Grass seed is often an afterthought for many people. Until it is actually needed, most homeowners do not realize the variety of choices on the market. When that is coupled with choices such as when to plant grass seed and how best to plant the seed, the issue may become overwhelming. Still, grass is generally not difficult to grow, as long as you make the proper choices ahead of time.
Most people know that there are various species of grass, some of which work better than others depending on the climate. You may buy grass seed as a homogeneous species, but many different types of mixes are available as well. A playground mix, for example, is especially suited for backyards where children and pets may play. Other mixes may provide the front yard with a lush appearance, but not hold up well to foot traffic.
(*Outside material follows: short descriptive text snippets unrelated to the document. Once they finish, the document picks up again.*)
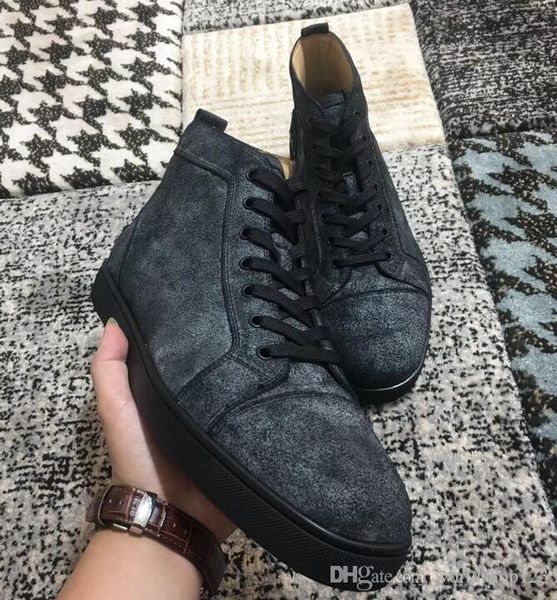 brand designer flats red bottom shoes luxury spikes shoes for men women designer sneakers high suede genuine sneaker trainers with box, Black
brand designer flats red bottom shoes luxury spikes shoes for men women designer sneakers high suede genuine sneaker trainers with box, Black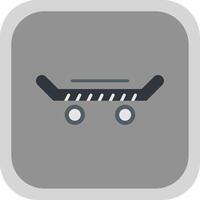 Skate Flat round corner Icon Design vector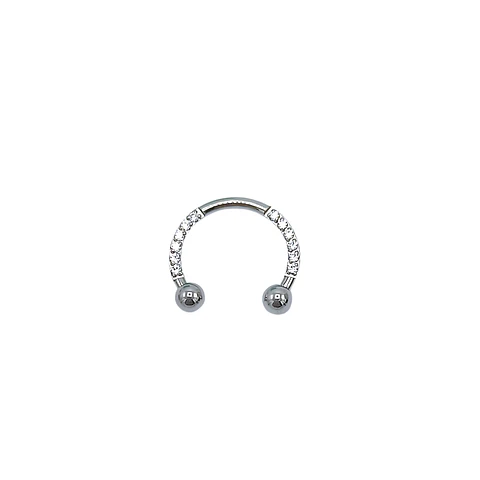 Piercing Septum 16g 8mm Titanio Astm F136 Aro Zirconia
It is possible to buy seed in different qualities as well as species. More expensive mixes generally will have high seed quality and contain fewer seeds of undesired species. Of course, if you are on a budget, go with what you can afford. It just may take some effort to make it look its' best later on. Generally, it is cheaper from a maintenance perspective to start with good seed.
When you plant your grass often depends on the type of grass you are trying to grow. For cool season grasses, the best time to plant is in the late summer or fall. This provides the grass with a chance to get started without getting scorched by the sun. Early spring is another option. Plan warm season grasses after any chance of frost has passed to avoid stressing them out too much.
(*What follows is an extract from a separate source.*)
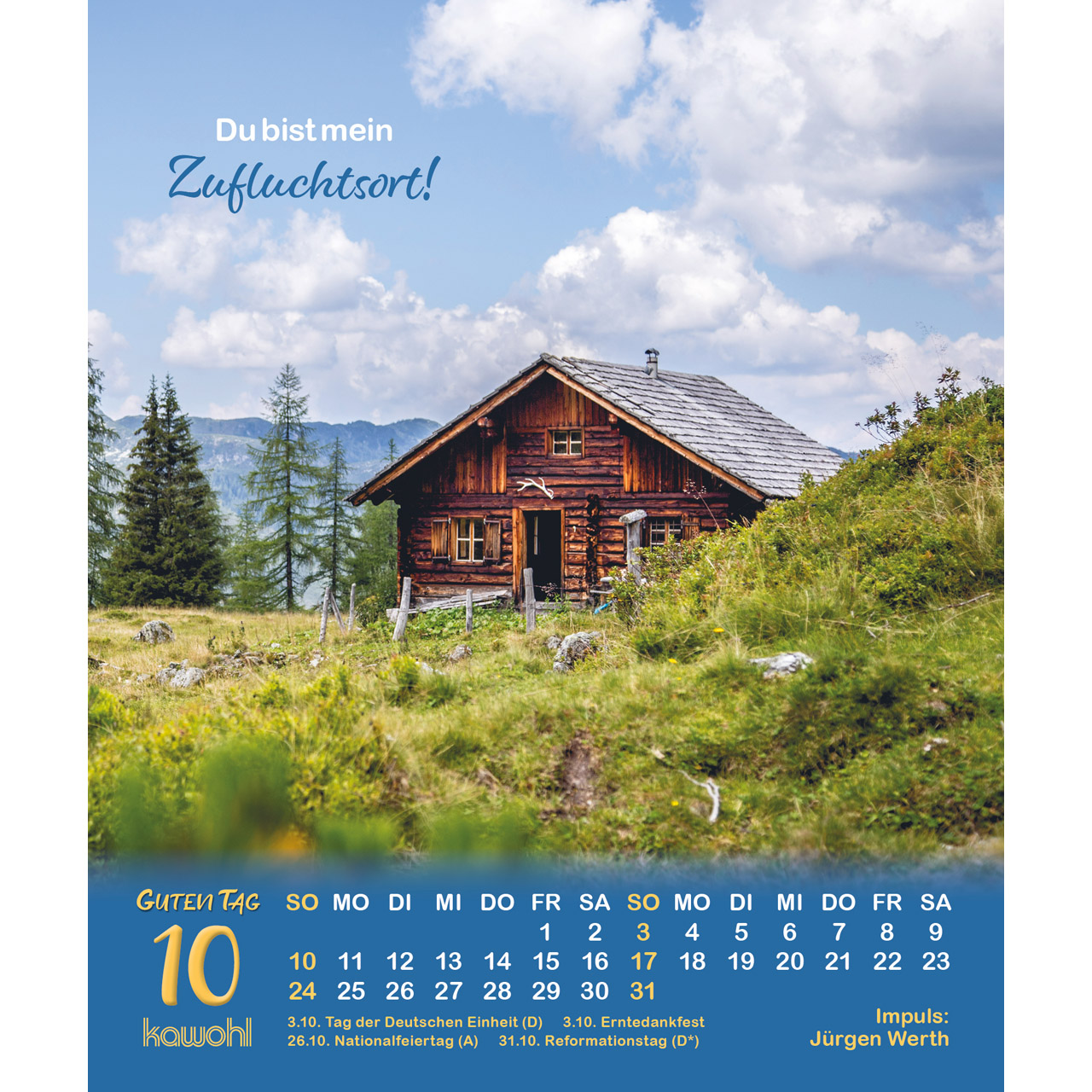 Postkartenkalender - Guten Tag 2027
Most individuals simply use a spreader to plant grass seed, allowing the seed to germinate and the roots to work their way down into the soil. This technique works, but it may be hard on the grass seed, and birds may take some seed. Another option is to mix seed and soil, then lay soil down in the desired area. This technique takes longer, but it may yield more consistent results and result in less seed loss.
One of the mistakes people often make with grass seed is using it too sparingly. Some may do so in an attempt to save money, but many simply are not aware of how much to put down. A sparsely-seeded lawn allows weed species to gain a competitive advantage. Follow label directions on the bag, but generally, 1 lb. should cover 400 square feet.